Mas há alguns pontos a ter em conta. Para começo de festa, as suspensões não reagem da melhor forma quando encontramos desníveis no pavimento, sobretudo depressões, causando instabilidade na direção que é tanto maior quanto mais elevada for a velocidade. Por outro lado, notem que a moto tem apenas dois discos de 300mm de diâmetro, mas um em cada roda! Ou seja, a potência de travagem é curta para um ‘bichinho’ que, com condutor e passageiro, aflora não de muito longe a meia tonelada de massa em movimento. E isto com apenas o tal disco de 300 mm na frente, ‘mordido’ por uma pinça de quatro êmbolos, em que o obrigatório ABS ajuda a controlar eventuais blocagens das rodas sob o esforço de travagem. A questão aqui é que uma maior potência de travagem não iria ser bem ‘compreendida’ por este tipo de pneus, o que levaria a uma mais frequente intervenção do ABS sem benefício evidente nas distâncias de travagem. Por isso, convirá acautelar este ponto e refrear entusiasmos demasiadamente desportivos, já de si contidos pelo ângulo de inclinação. Numa estrada revirada que tive oportunidade de ‘serpentear’ perto de Collado Villalba, é evidente que a boa aceleração é refreada pela velocidade de passagem em curva, onde a Super Chief claramente assenta nas plataformas que servem de estribos e obrigam o condutor a pendurar-se como um orangotango para o interior da curva.
De passeio até Ávila
Aproveitando um dia ensolarado e de calor, nada melhor do que subir aos mais de 1.100 metros de altitude em que se encontra a belíssima cidade de Ávila, o que a torna na capital de província mais alta de Espanha. Saída de Madrid pela M40, tomando a AP-6, ou autoestrada da Corunha, em direção às montanhas do Guadarrama, tomando depois a AP-51, na saída de Villacastin, que nos leva até Ávila.

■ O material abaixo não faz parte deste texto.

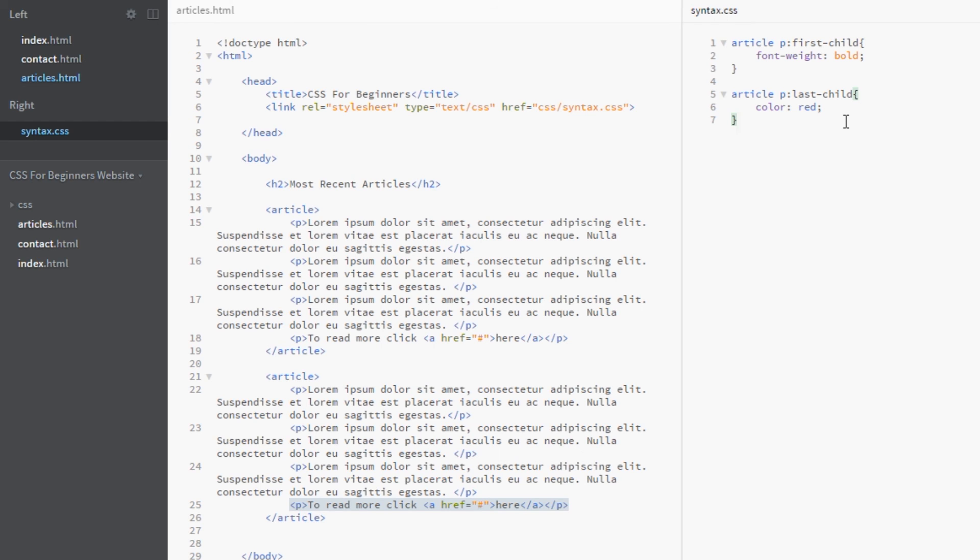So cool, that's how to use first and last child pseudo elements. If you have any questions about these whatsoever, feel free to leave a comment below. I'll get back to you as soon as I can with all of those. And if you like these videos, please like, subscribe, comment, share, whatever. And I'll see you guys in the next one where we're going to look at some more structural pseudo classes.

A origem do nome ainda é pouco consensual, havendo um filólogo, Joan Coromines, que aponta mesmo para uma proveniência germânica, derivando do gótico: Awilô ou Awila. O certo é que a atual designação só surge após o censo de 1877, pois até aí era conhecida como ‘Ávila de los Caballeros’.
Importante enclave defensivo para mouros e cristãos, a cidade é conhecida pelas suas belíssimas muralhas, construídas no século XI, sobre antigas muralhas romanas, visigóticas e muçulmanas, logo após a reconquista cristã para prevenir um eventual ataque mouro, surgindo já no século XII com um aspeto muito próximo do atual. E vale a pena percorrer todo o perímetro coberto pela muralha e depois perder-se pela cidade antiga, parando para repasto quando a barriga ‘der horas’ num dos vários restaurantes da cidade.
Em autoestrada a Super Chief beneficia e de que maneira do vasto para-brisas, permitindo cruzeiros bastante elevados, sem qualquer pressão no condutor e por períodos prolongados. A moto chega mesmo aos 180 km/h lidos no brilhante sistema ‘Ride Command’, realmente um dos melhores sistemas de informação que se pode ter numa moto em termos de acessibilidade, grafismo e riqueza de informação, como podem ver no vídeo de demonstração (https://youtu.be/M-inUTMAuDE).
Com o regresso pela estrada nacional em direção ao Parque Regional da Bacia do Guadarrama, a Indian comprovou as suas aptidões de estradista, sempre com boa resposta do motor, que tem força para um braço de ferro com o Hulk, e boa dinâmica para uma utilização mais fluida e descontraída, que permita apreciar a paisagem em vez de a devorar.

Bobber turística?
Claramente! Com um preço de 22.490 euros em Portugal, esta moto destina-se a quem gosta do estilo ‘bobber’ mas necessita de algo mais para umas escapadelas ao fim-de-semana, com alguma autonomia, conforto aceitável para dois e alguma capacidade de bagagem. A Super Chief é a mais equipada da família e com ela só dá vontade de ver a paisagem desfilar, com o estilo e dinâmica das Indian, mas com algo mais em termos de conforto.
E quando vos bater o impulso ‘bobber’, basta retirar o pára-brisas e as a malas laterais e terão a ‘Super’ no mais puro estilo marcante do pós-guerra.